Quantifying the difference between two groups can be achieved by using an effect size. A p-value provides information about statistical significance of the difference between the groups, but it doesn't give an insight into the magnitude of the difference. Larger sample sizes often result in a higher likelihood of finding a statistically significant difference, even if the real-world effect is small. Hence, it's crucial to consider effect sizes in addition to p-values, as they provide a clearer picture of the true difference between the groups and are more valuable in practical applications

There are different measures for effect sizes. The most common effect sizes are Cohen's d and Pearson's r.   

Cohen's d measures the size of the difference between two groups while Pearson's r measures the strength of the relationship between two variables.

### Cohen's d -  Standardized Mean Difference
Cohen's d is designed for comparing two groups. It takes the difference between two means and expresses it in standard deviation units. It tells you how many standard deviations lie between the two means.

$$ d =\frac{ \overline x_1 - \overline x_2 }{S}$$

where  $\overline x_1$ and $\overline x_2$ are mean of group 1 and group 2 respectively. $S$ is standard deviation.

The choice of standard deviation in the equation depends on your research design.
We can use:
+  pooled standard deviation that is based on data from both groups,
+ standard deviation from a control group.
+ the standard deviation from the pretest data or posttest.

### Pearson's r - Correlation Coefficient

Pearson's $r$, or the correlation coefficient, measures the extent of a linear relationship between two variables.

The formula is rather complex, so it’s best to use a statistical software to calculate Pearson's r accurately from the raw data.

$$ r_{xy} = \frac{n\sum x_i y_i -\sum x_i \sum y_i}{\sqrt{n\sum x_i^2-(\sum x_i)^2}{\sqrt{n\sum y_i^2-(\sum y_i)^2}}}$$

The main idea of the formula is to compute how much of the variability of one variable is determined by the variability of the other variable. Pearson's r is a standardized scale to measure correlations between variables that makes it unit-free. You can directly compare the strengths of all correlations with each other.

### Interpreting Values

+ Cohen's $d$ can take on any number between 0 and infinity, In general the greater the Cohen's d, the larger the effect size
+ Pearson's $r$ ranges between -1 and 1. The closer the value is to 0, the smaller the effect size. A value closer to -1 or 1 indicates a higher effect size.

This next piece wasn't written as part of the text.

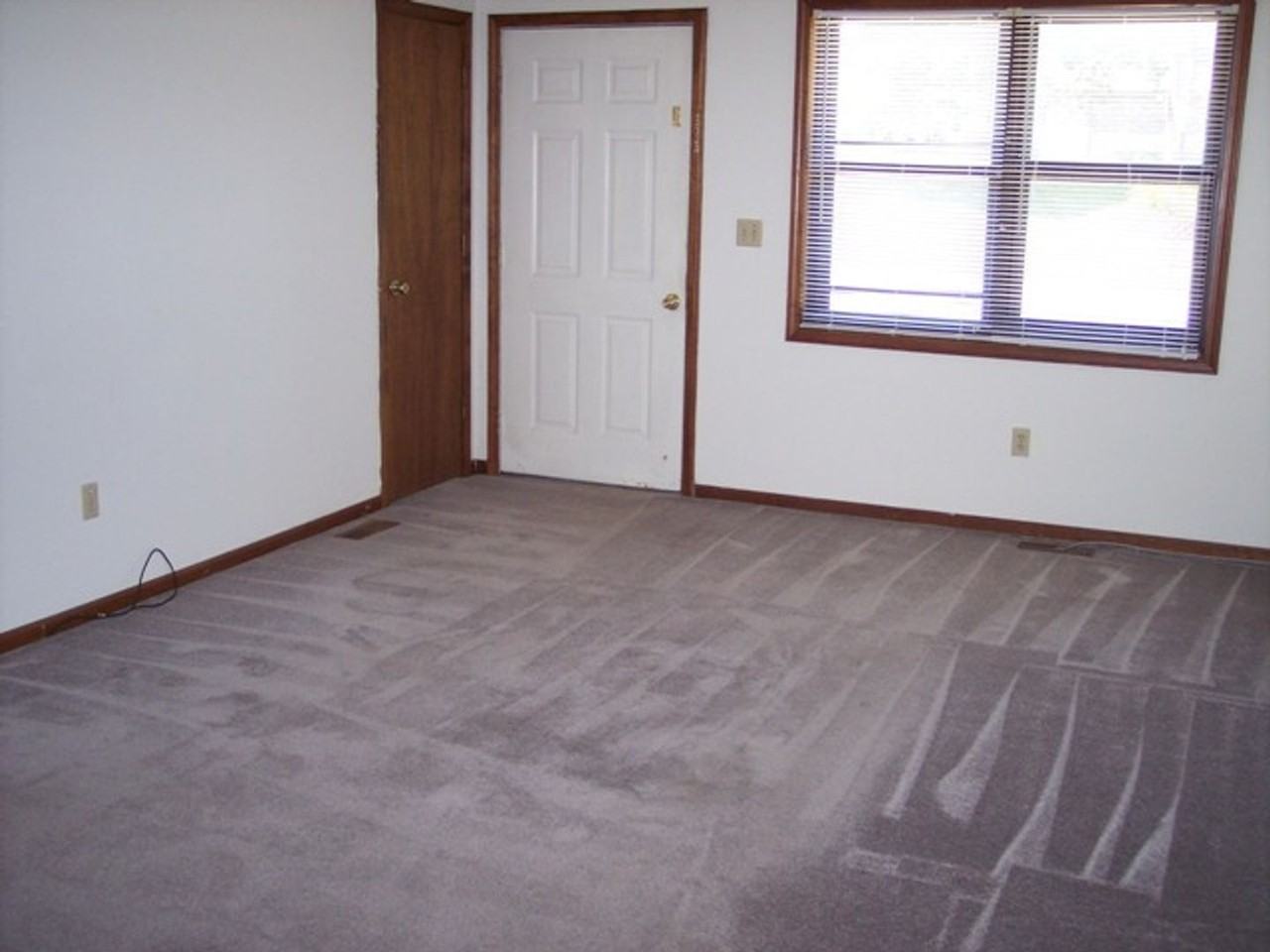407 N. Ridgeview Drive - Photo 3 of 6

General Rule of thumb to quantify whether an effect size is small, medium or large:

**Cohen’s D:**

+ A d of 0.2 or smaller is considered to be a small effect size.
+ A d of 0.5 is considered to be a medium effect size.
+ A d of 0.8 or larger is considered to be a large effect size.


**Pearson Correlation Coefficient:**

+ An absolute value of r around 0.1 is considered a low effect size.
+ An absolute value of r around 0.3 is considered a medium effect size.
+ An absolute value of r greater than .5 is considered to be a large effect size.

# Statistical Power

Statistical power, or sensitivity, is the likelihood of a significance test detecting an effect when there actually is one. In other words, power is the probability that we will correctly reject the null hypothesis.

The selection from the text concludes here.